I started programming using Python. When I started, I wanted to understand the "feel" of Python programming, and that was all my mind could comprehend. Now that I have a decent smattering of Python knowledge, I now realize I don't have a total grasp of transfer protocols and I should probably learn a lower-level C language as well. I started off not knowing one thing, now I have added two more.

I'm still a better programmer, but now I realize I'm clueless about even more stuff than I was before.



This is a very good point. I thought I knew a lot about programming/CS until I decided to get my M.S. Now, the more I learn, the more I realize I don't know.

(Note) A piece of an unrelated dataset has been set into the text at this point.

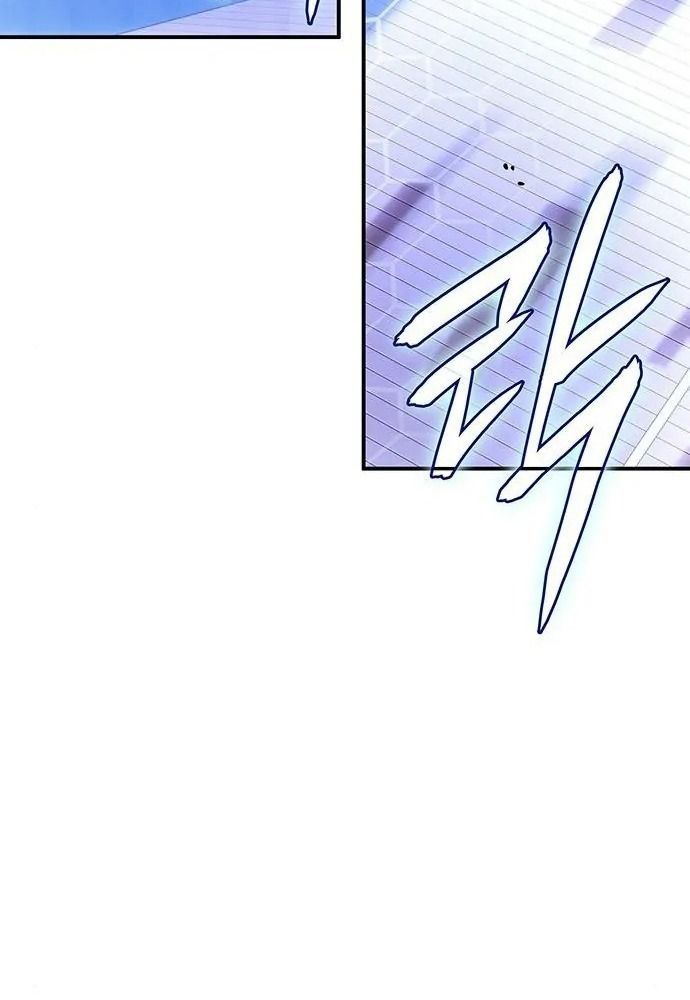 Hồi Quy Với Sức Mạnh Của Nhà Vua - Chapter 10 - Page 57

It is actually a little defeating in the sense that I have had to accept that I will probably never know as much as I would like to.


Identifying gaps in your knowledge is half the battle.

Learning and getting better isn't limited to eliminating known unknowns, it includes becoming aware of unknown unknowns.

Once you can google a problem, there is a very high chance you'll be able to solve it.


Skills get rusty. What you learn today you will forget tomorrow, unless you use them in some way.


This is so true, and manifests so sharply/painfully when I go to refresh my very nascent skills in Clojure. I've learned the same material so many times. It's a bummer.


When you don't know much about given subject you usually don't know how much you really don't know and most people at that stage actually have impression that they know a lot It is kind of catch 22 problem :-)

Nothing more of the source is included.